Glossary term

Startup

A startup is a young business built to develop, test, and scale a product, service, or business model, often under high uncertainty.

Updated

May 16, 2026

Read time

2 min read

What Is a Startup?

A startup is a young business built to develop, test, and scale a product, service, or business model, often under high uncertainty. Startups are usually trying to find product-market fit, prove demand, and grow faster than a traditional small business.

Not every new business is a startup in the investor sense. A local service business can be new and valuable without being built for rapid scaling or venture-style returns.

Key Takeaways

  • A startup is usually young, uncertain, and growth-oriented.
  • Startups often test whether a product, market, or business model can scale.
  • Many startups need outside funding before they become profitable.
  • Venture capital may fund startups with high growth potential.
  • Startup investing can produce large gains, but failure rates and dilution risk can be high.

How Startups Work

A startup usually begins with a problem, product idea, technology, market gap, or founder insight. The early work is not just building a company. It is proving that customers want the product, that revenue can grow, and that the economics can eventually support the business.

Some startups bootstrap with founder savings and customer revenue. Others raise money from angels, venture capital funds, accelerators, or strategic investors. The funding path shapes ownership, risk, and pressure to grow.

Startup Versus Small Business

Feature

Startup

Traditional small business

Growth goal

Often rapid scale

Often stable local or niche profitability

Business model

May still be testing

Often already proven

Funding

May use equity financing

May use savings, loans, or operating cash flow

Investor expectation

High risk, high potential return

Income, sustainability, or modest growth

Why Startups Matter

Startups can create new products, jobs, technologies, and markets. They can also fail quickly when demand, margins, funding, competition, or execution do not work.
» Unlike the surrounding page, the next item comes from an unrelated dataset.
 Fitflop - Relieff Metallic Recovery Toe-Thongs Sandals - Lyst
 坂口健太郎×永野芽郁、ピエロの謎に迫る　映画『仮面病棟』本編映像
For investors and employees, the important question is not only whether the idea is exciting. It is whether the company can turn that idea into durable revenue, profit, and value without giving away too much ownership along the way.

The Bottom Line

A startup is a young, growth-oriented business trying to prove and scale a model under uncertainty. It can create meaningful value, but the same uncertainty that creates upside also creates real failure risk.